▶ Data extract
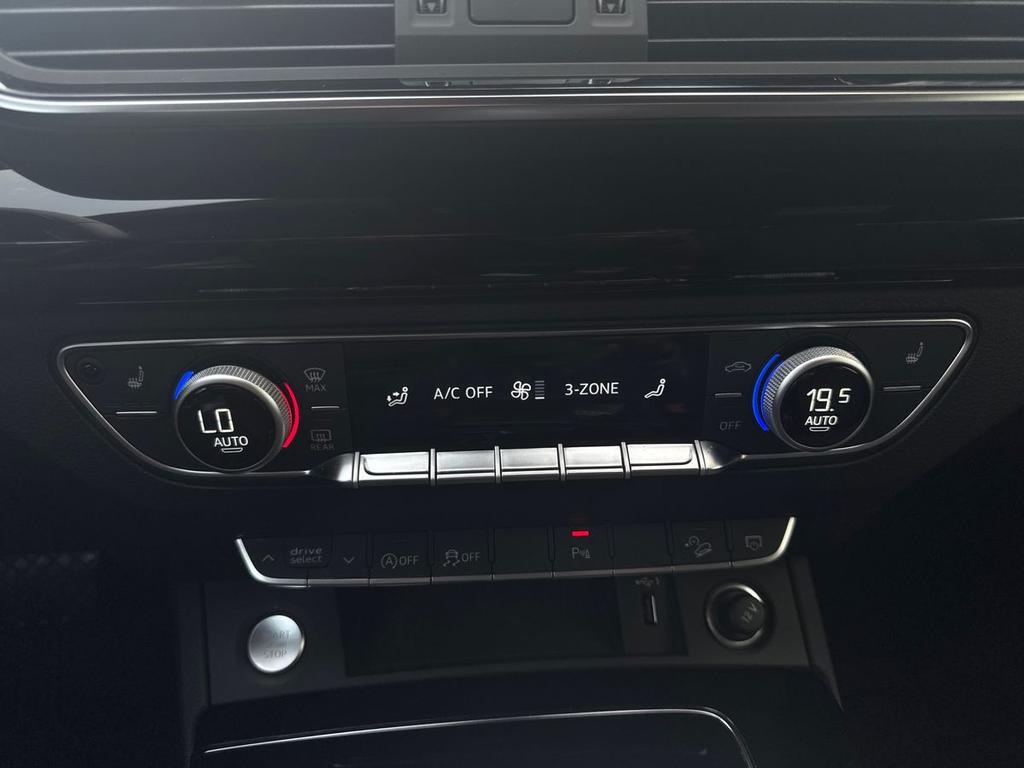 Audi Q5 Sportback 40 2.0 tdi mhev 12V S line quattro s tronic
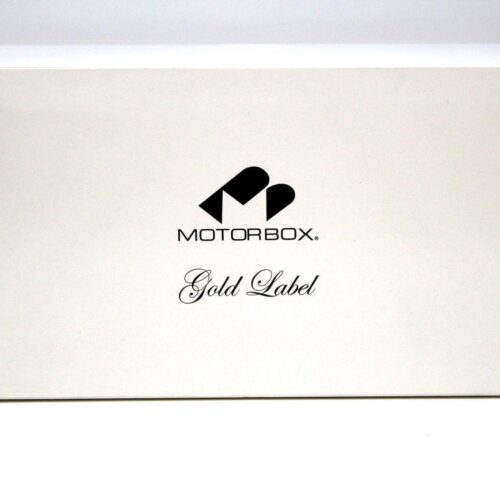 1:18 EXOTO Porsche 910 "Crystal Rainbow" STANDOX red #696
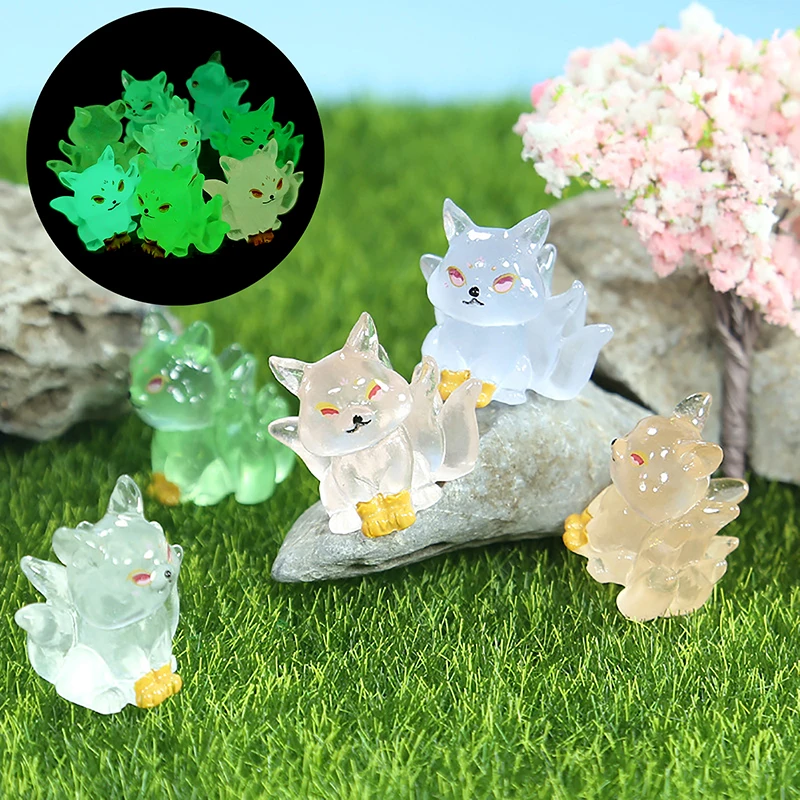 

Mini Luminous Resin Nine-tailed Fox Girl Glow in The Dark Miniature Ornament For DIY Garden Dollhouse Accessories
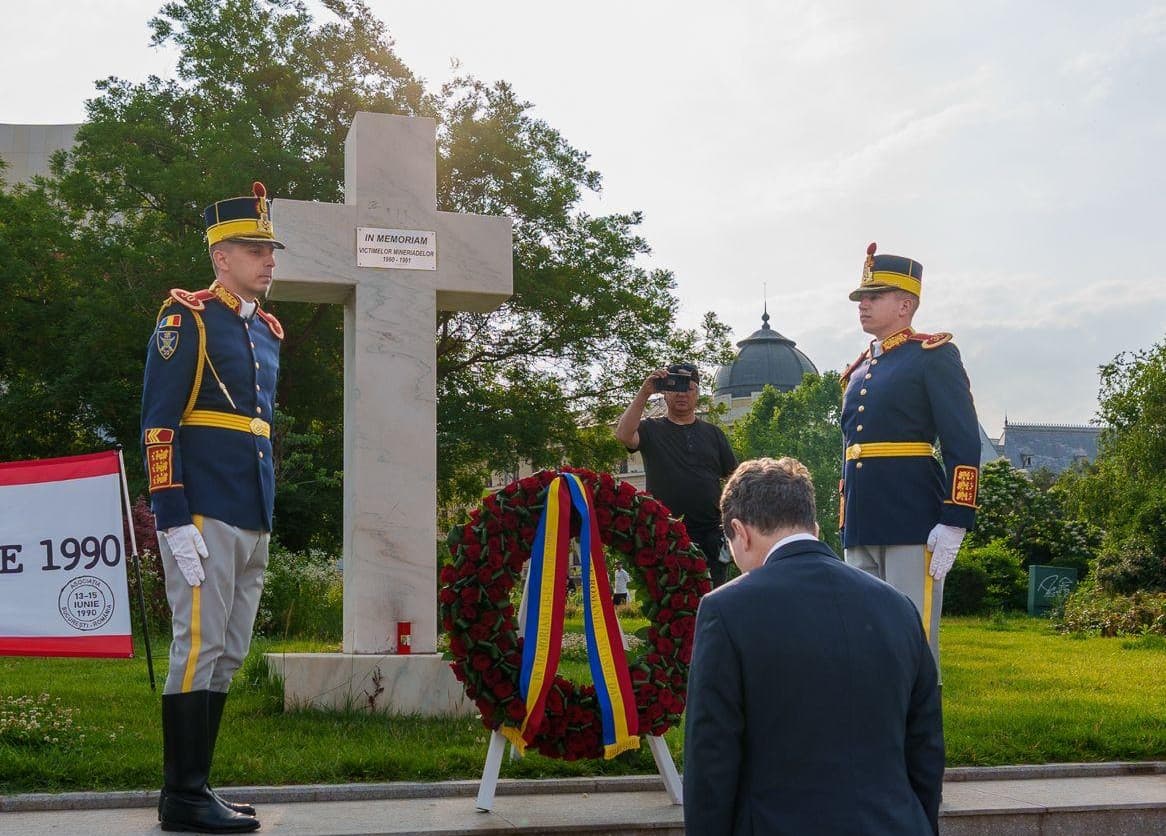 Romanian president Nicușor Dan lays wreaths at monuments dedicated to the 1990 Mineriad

▶ What you are asked to do
None of the pictures should be carried over when the data above is transcribed exactly.

▶ Exercise answer
 Audi Q5 Sportback 40 2.0 tdi mhev 12V S line quattro s tronic
 1:18 EXOTO Porsche 910 "Crystal Rainbow" STANDOX red #696

Mini Luminous Resin Nine-tailed Fox Girl Glow in The Dark Miniature Ornament For DIY Garden Dollhouse Accessories
 Romanian president Nicușor Dan lays wreaths at monuments dedicated to the 1990 Mineriad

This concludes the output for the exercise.